# Ents or Huorns?



## Celebthôl (Nov 24, 2002)

*Ents or Hurons?*

In The Two Towers at the battle of Helms Deep they get rescude (sp) by the Hurons right but what are the Hurons? They are not Ents because the Ents are at Isenguard, are they just normal trees that are brought to life by the Huron Shepards? please help because this is really annoying me!

Thôl


----------



## Hobbit-GalRosie (Nov 24, 2002)

They were described as Ents that had gone "tree-ish," (like they spent too much time roooted to one spot and kinda lost some of their mind or something, Old Man Willow was an example of a Huorn gone bad.) I don't have a book handy and I haven't had any luck searching the web for the quotes, so if someone could post exactly what the book said it'd be much appreciated..._pleeeeeeeeasse!!!!!!!!!_

Btw, they were called Huorns, not Hurons, or so I thought.


----------



## Mithlond (Nov 24, 2002)

Yes, Huorns indeed.
I guess you could call the Huorns the sheep and the Ents the shepards.
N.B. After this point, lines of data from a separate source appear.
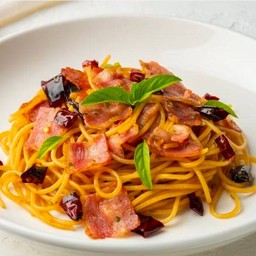 สปาเก็ตตี้ ผัด พริกแห้ง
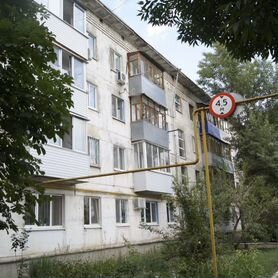 3-к. квартира, 57 м², 3/4 эт.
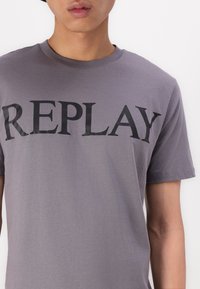 Replay T-shirt con stampa - lead grey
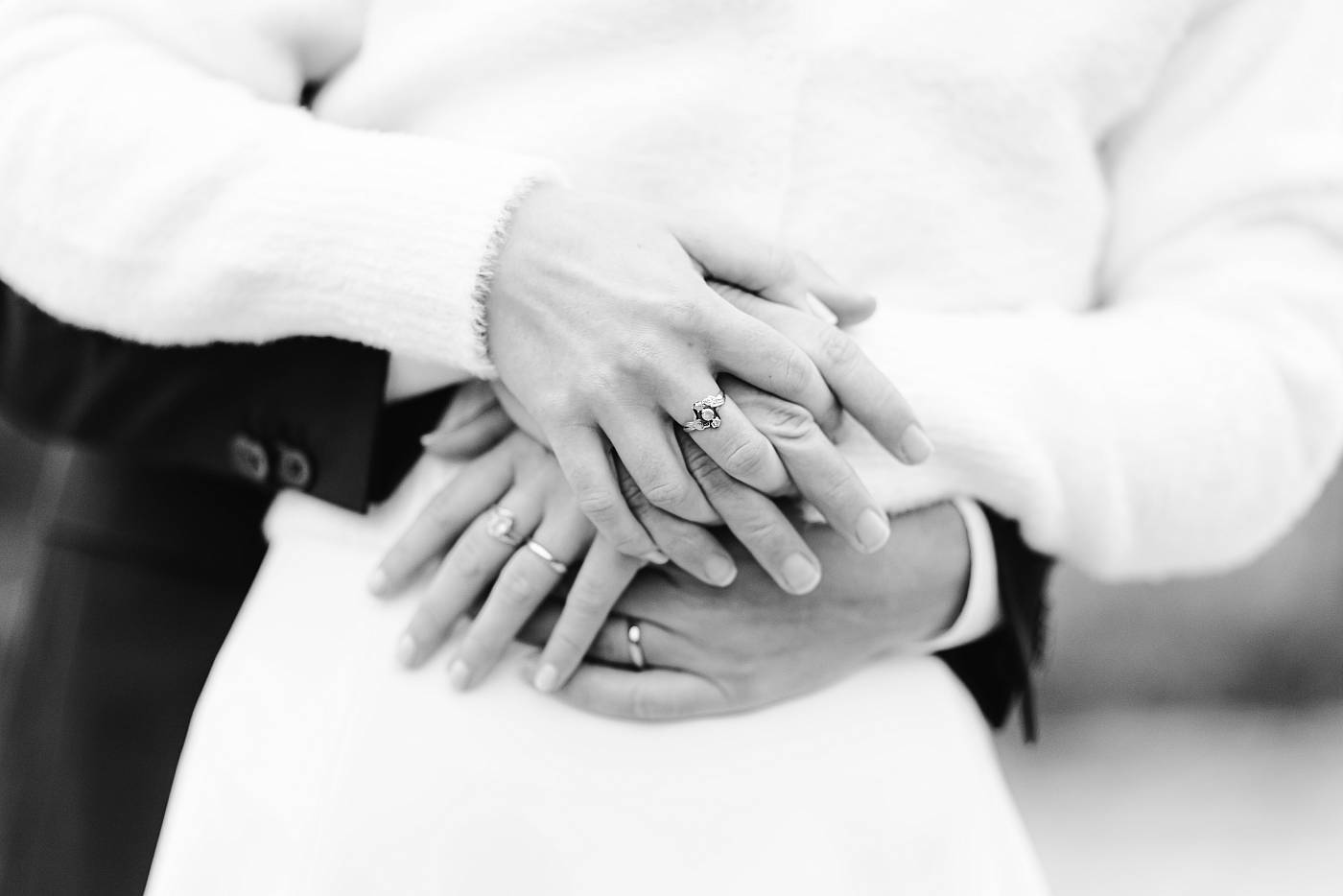 Gros plan sur les mains et les alliances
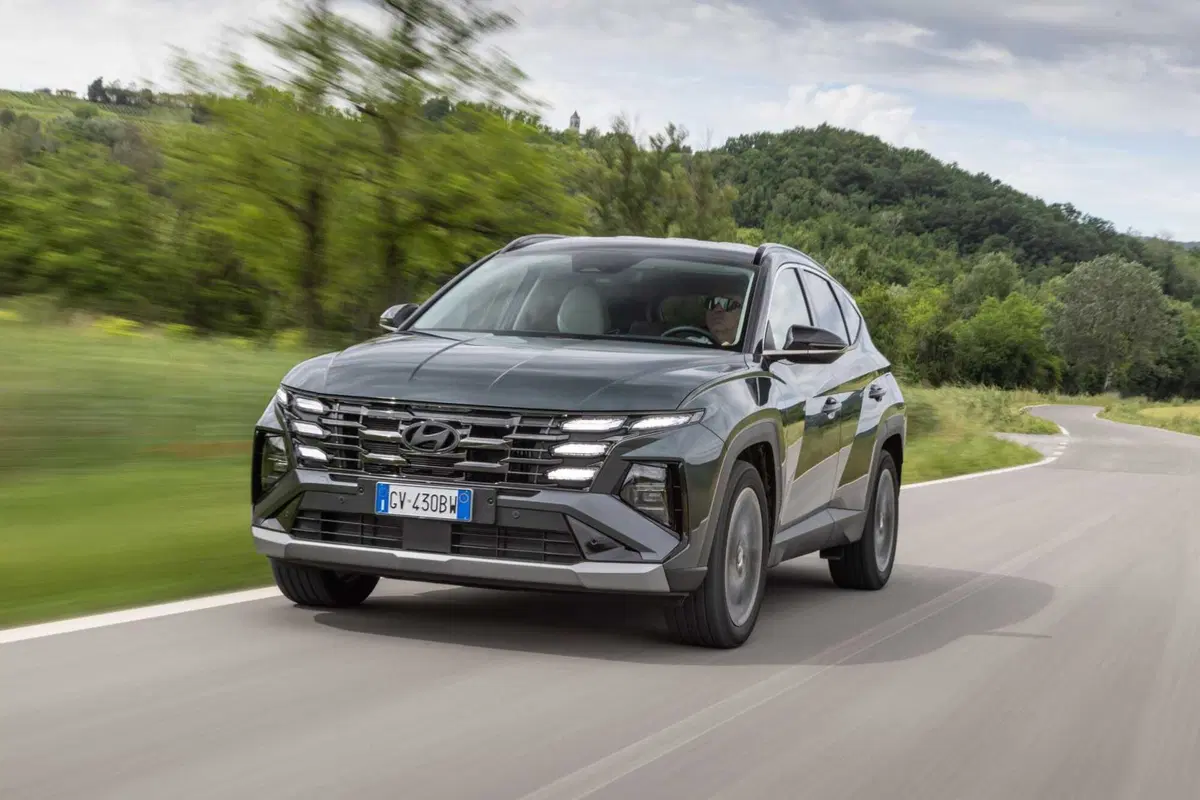 Hyundai Tucson 2025: ritocchi fuori, tutta nuova dentro,e dov'è finito il cambio? (14)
The Ents command the Huorns, they are the master's of the tree's.


----------



## Celebthôl (Nov 24, 2002)

so my next question is how many? like was it the whole forest of fangorn or what?


----------



## Anamatar IV (Nov 24, 2002)

> but deep in the darkest dales there are hundreds and hundreds of them, I believe



This is Gandalf speaking of the Huorns. The Fangorn was alot of ents and some huorns. I think...

Heres exactly what the book said about them:



> "Huorns" the ents call them in the short language. They are ents who have grown almost "tree-ish"



Gandalf again.


----------